MANY CHARITIES RAISED MORE MONEY IN '03, BUT COSTS GREW EVEN FASTER, SURVEY FINDS
January 19, 2004
By Stephanie Strom
Many nonprofit organizations responding to a new survey managed to increase their revenue in 2003 despite the sputtering economy, but those gains were more than offset by higher costs.
While 64 percent of the 236 organizations across the country that responded reported more income, 66 percent said they had higher costs for health and liability insurance as well as for wages and salaries and other expenses.
More than half of the respondents reported being in "severe" or "very severe" financial stress.
"The nonprofit sector has been successful in coping, reducing its costs at the same time it has increased its service offerings, but it is under incredible pressure from things it cannot control," said Lester M. Salamon, director of the Center for Civil Society Studies at Johns Hopkins University, which conducted the survey as part of a new partnership with seven umbrella groups for nonprofit organizations.
The partnership, the Listening Post Project, has enlisted more than 500 nonprofit organizations working in five service areas -- children and family services, elderly services, community development, museums and theaters -- that have agreed to participate in Internet-based surveys about trends that affect them.

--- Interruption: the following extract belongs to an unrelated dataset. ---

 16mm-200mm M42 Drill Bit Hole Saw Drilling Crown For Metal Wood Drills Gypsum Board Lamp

"They have agreed to be our eyes and ears about what's happening to nonprofits in real time, and this is the first of a number of surveys we'll be doing," Mr. Salamon said.

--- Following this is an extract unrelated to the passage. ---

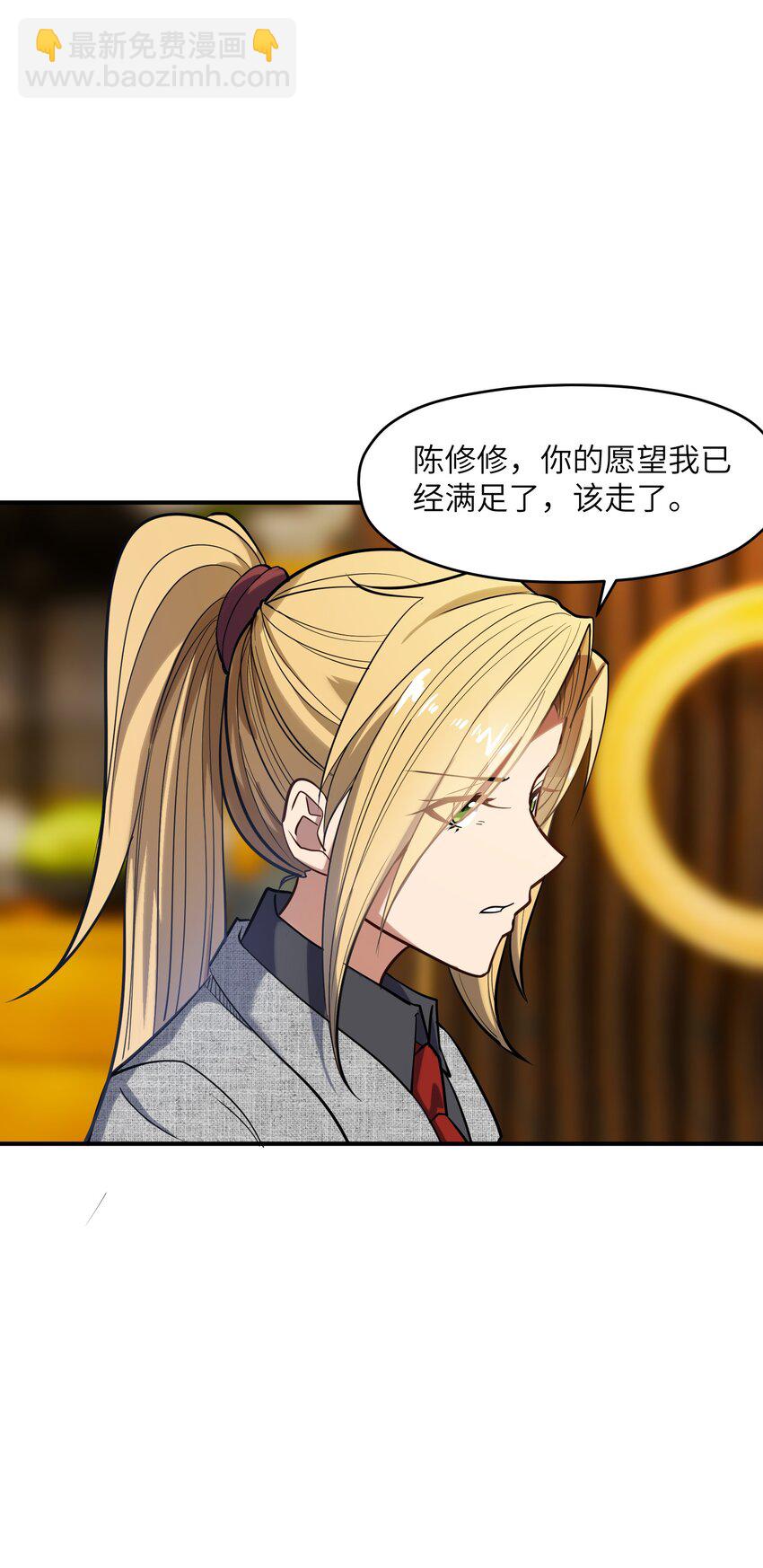 015 狐修(1/2)-第15话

The nonprofit sector is notoriously bereft of data, but in an era in which donors are increasingly demanding accountability and ways to measure effectiveness, organizations are moving fast to try to quantify themselves.
"Hopefully, this project will help make us better understood," said Sorrel Bowman-Rogers, president and chief executive of the Family Service Agency in Phoenix, which participated in the survey.

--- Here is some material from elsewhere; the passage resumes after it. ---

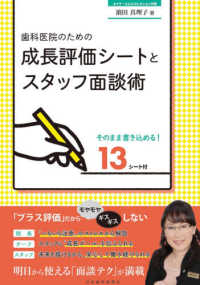 歯科医院のための成長評価シートとスタッフ面談術 - そのまま書き込める１３シート付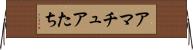 アマチュアたち Horizontal Wall Scroll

Family Service ended each of the last three years with a deficit despite having won government contracts for programs dealing with substance abuse and felons re-entering the community and having joined with other nonprofit agencies to reduce costs, Ms. Bowman-Rogers said.
At the same time, demand for Family Service's programs has jumped, she said, because people have stayed unemployed for longer periods than before and unemployment has risen among white-collar workers, a new client group for the agency.
The organization has been forced to use its cash reserves and about one-third of the proceeds of the sale of its building to cover its operating expenses as state budget cuts and a 22 percent increase in health insurance costs last year ate up more than the additional revenues its new services generated.
"One of the drawbacks of increasing funding through contracts is that, yes, it does increase revenues and on paper would create the impression that you're growing and expanding," Ms. Bowman-Rogers said. "But the majority of most contracts just cover the costs of delivering the services, not any of your operational costs."
Mr. Salamon said the survey results suggested that nonprofit organizations had become more market-driven in response to their tight finances. "This was clearly the winning strategy, and it is absolutely a two-edged sword," he said. "It can come at a cost."
For instance, the Nebraska Repertory Theater in Lincoln staged "Lend Me a Tenor," which was a great commercial success.
"There's nothing wrong with it, but it's a box office play," said Jeff Elwell, the theater's executive artistic director. "It means we can do fewer new, hard-hitting plays, which is somewhat discouraging."